▶ _EXERCISE REQUIREMENTS_
Make an exact copy of the records that follow, with each picture omitted.

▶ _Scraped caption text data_
======

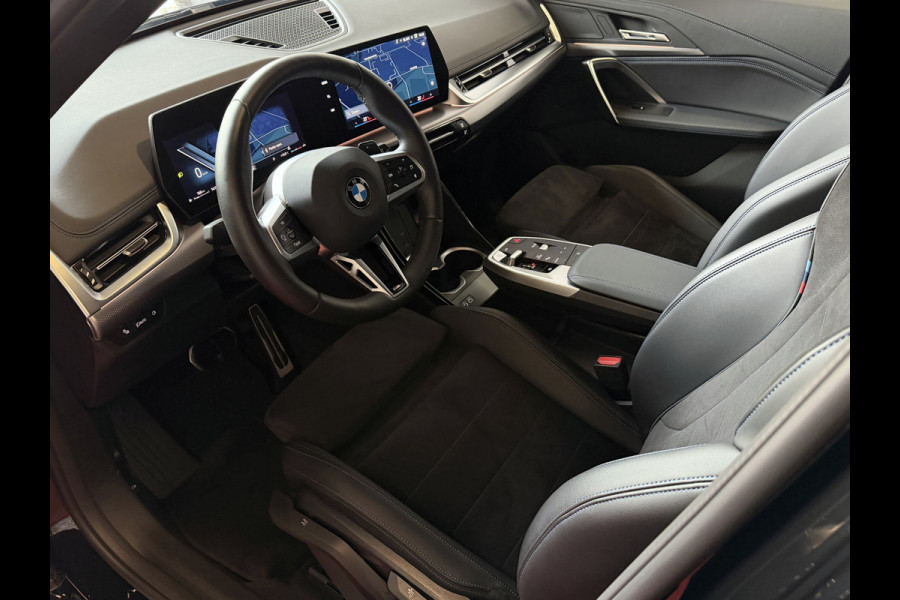 BMW X1 SDRIVE M-SPORT BIJNA NIEUW 6.863KM ! SHADOW LINE NAVI LED ELEK.KLEP CRUISE LEER/ALCANTARA CAMERA M-SPORT INTERIEUR / EXTERIEUR ✅ Top Auto's. Al 30 Jaar uw Bmw Specialist in ,  BMW M / M Sport / PHEV / HEV / Hybrid / Mhev / 25e / 30e / xDrive25e // xDrive30e / sDrive18i / sDrive20i / sDrive23i ✅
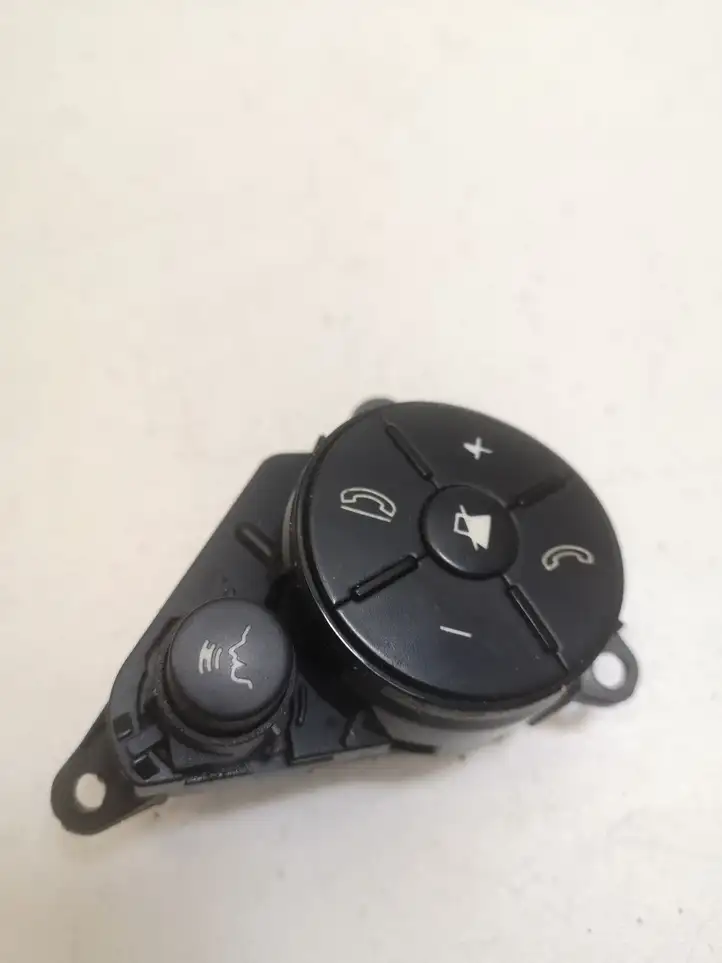 Mercedes-Benz C W204 (2007 - 2014) A2048210051 Кнопки на рулевом колесе — фото 1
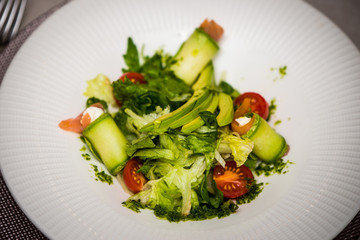Avocado green salad
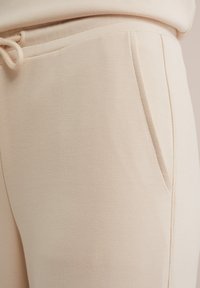 Pantaloni de trening - beige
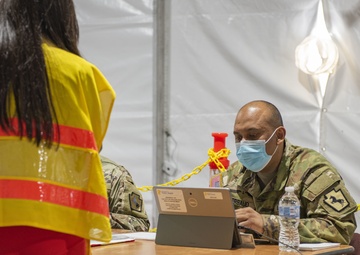 Pa. National Guard members administer COVID-19 vaccine in Philadelphia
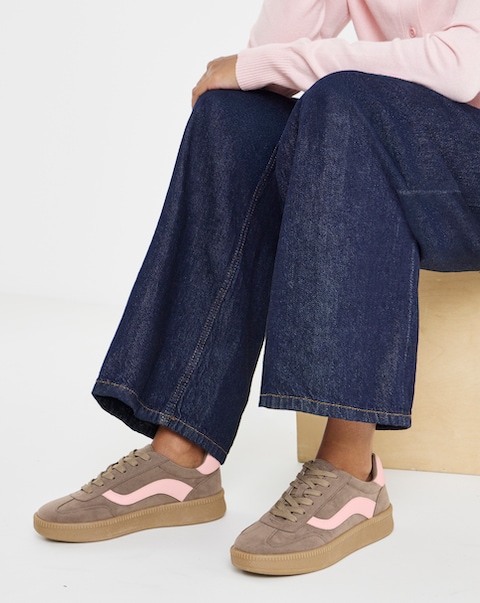 Courage Chunky Retro Trainer - Wide Fit (E)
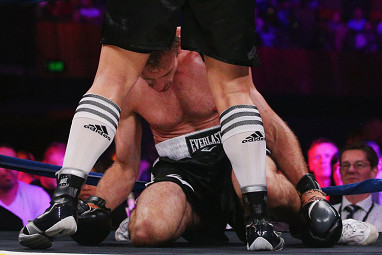 <b>Former Richmond player Shane Tuck was taken to hospital after being knocked out during his professional boxing debut.</b><br/><br/>Tuck, who played 173 games for the Tigers before retiring at the end of the 2013 season, had entered the ring with high hopes for a new career.<br/><br/>But his dream was dashed with a hard right to the chin from Lucas Miller that saw Tuck crumple to the canvas.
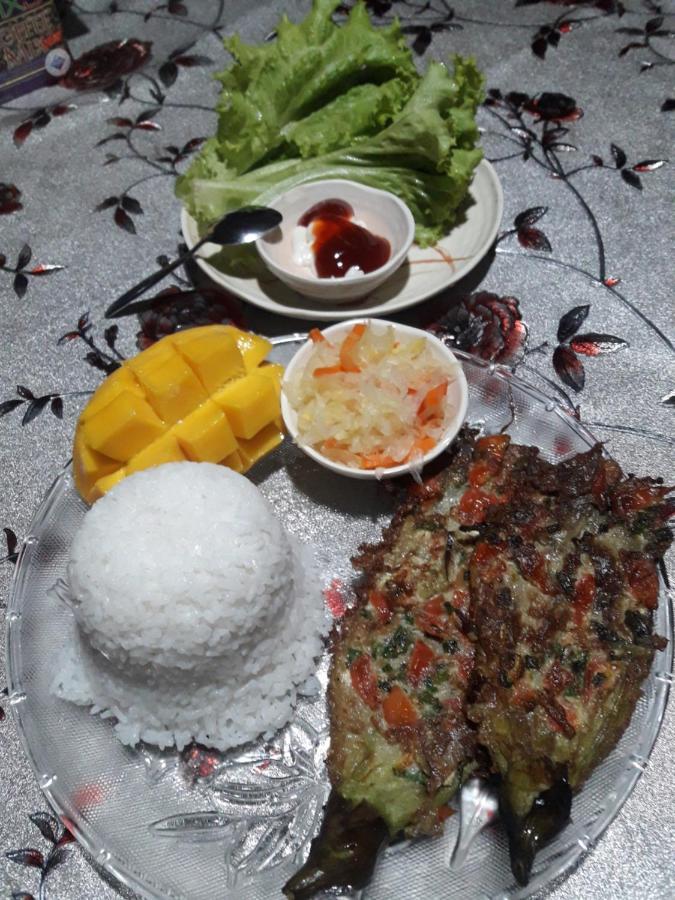 LHOYJEAN Garden Hostel Batuan Buitenkant foto
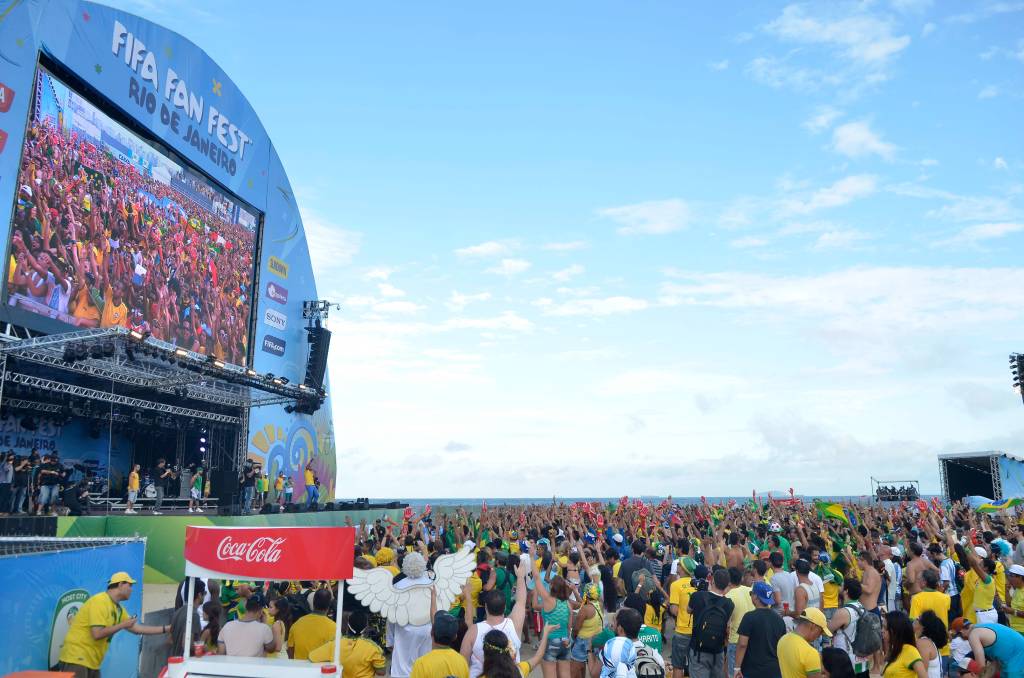 Torcedores na arena da Fifa Fan Fest - Rio de Janeiro, na praia de Copacabana, para o jogo de abertura da Copa do Mundo 2014, Brasil x Croácia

======

▶ _EXERCISE RESULT_
 BMW X1 SDRIVE M-SPORT BIJNA NIEUW 6.863KM ! SHADOW LINE NAVI LED ELEK.KLEP CRUISE LEER/ALCANTARA CAMERA M-SPORT INTERIEUR / EXTERIEUR ✅ Top Auto's. Al 30 Jaar uw Bmw Specialist in ,  BMW M / M Sport / PHEV / HEV / Hybrid / Mhev / 25e / 30e / xDrive25e // xDrive30e / sDrive18i / sDrive20i / sDrive23i ✅
 Mercedes-Benz C W204 (2007 - 2014) A2048210051 Кнопки на рулевом колесе — фото 1
Avocado green salad
 Pantaloni de trening - beige
 Pa. National Guard members administer COVID-19 vaccine in Philadelphia
 Courage Chunky Retro Trainer - Wide Fit (E)
 <b>Former Richmond player Shane Tuck was taken to hospital after being knocked out during his professional boxing debut.</b><br/><br/>Tuck, who played 173 games for the Tigers before retiring at the end of the 2013 season, had entered the ring with high hopes for a new career.<br/><br/>But his dream was dashed with a hard right to the chin from Lucas Miller that saw Tuck crumple to the canvas.
 LHOYJEAN Garden Hostel Batuan Buitenkant foto
 Torcedores na arena da Fifa Fan Fest - Rio de Janeiro, na praia de Copacabana, para o jogo de abertura da Copa do Mundo 2014, Brasil x Croácia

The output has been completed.